NUREMBERG, Germany (AFP) — Germany's Green Party voted for an increase and extension of social security spending Saturday, partly rejecting some of the reforms the party itself approved when in government.

At the party's three-day annual conference in Nuremberg -- which started Friday -- more than half the 800 delegates voted in favour of extending benefits for the long-term unemployed.

The result comes as a relief to the Greens' leadership, stung by a vote at a special assembly called two months ago where grassroots members voted down a leadership motion backing a continued German military presence in Afghanistan.

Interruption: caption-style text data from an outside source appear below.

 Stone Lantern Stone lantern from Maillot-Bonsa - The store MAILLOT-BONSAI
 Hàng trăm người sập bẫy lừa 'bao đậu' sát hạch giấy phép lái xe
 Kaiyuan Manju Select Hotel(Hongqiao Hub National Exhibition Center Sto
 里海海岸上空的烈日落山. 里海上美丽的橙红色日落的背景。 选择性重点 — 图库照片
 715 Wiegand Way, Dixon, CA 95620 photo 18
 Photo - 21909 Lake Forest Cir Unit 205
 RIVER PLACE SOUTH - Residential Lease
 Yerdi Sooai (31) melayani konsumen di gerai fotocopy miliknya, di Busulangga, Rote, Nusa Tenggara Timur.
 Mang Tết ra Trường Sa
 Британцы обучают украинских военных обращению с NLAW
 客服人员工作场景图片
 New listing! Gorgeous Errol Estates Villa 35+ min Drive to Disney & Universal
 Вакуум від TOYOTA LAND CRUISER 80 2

That upset caused potential coalition parties -- both at federal and regional level -- to reconsider the Green's credibility as partners.

"If we wish our policy to have weight in society, it must be visionary and ambitious, but most of all politically practicable," the party's co-leader Reinhard Butikofer told rank-and-file members.

The Greens hover around nine percent in opinion polls but have suffered from the retirement of their charismatic figurehead Joschka Fischer.

Saturday's motion -- which passed by 432 to 296 votes -- calls for extending the current long-term unemployment benefits given to those in need, including those who have never worked due to ill-health and those too old to enter the labour market.

It would also increase payment levels from a current 347 euros (514 dollars) to 420.

The Green delegates also approved a measure to boost social spending by 60 million euros, with the priority being education.

The Green's decision to revisit the controversial "Hartz IV" employment reforms instigated under former chancellor Gerhard Schroeder echoes a recent Social Democratic Party (SPD) conference, which also sought to undo some of the measures.

The two parties ruled Germany in a Red-Green coalition from 1998-2005, during which time the controversial reforms were originally introduced.

A more radical alternative motion, guaranteeing minimum state aid levels regardless of property or income, based on the French model, was rejected -- to the relief of the leadership.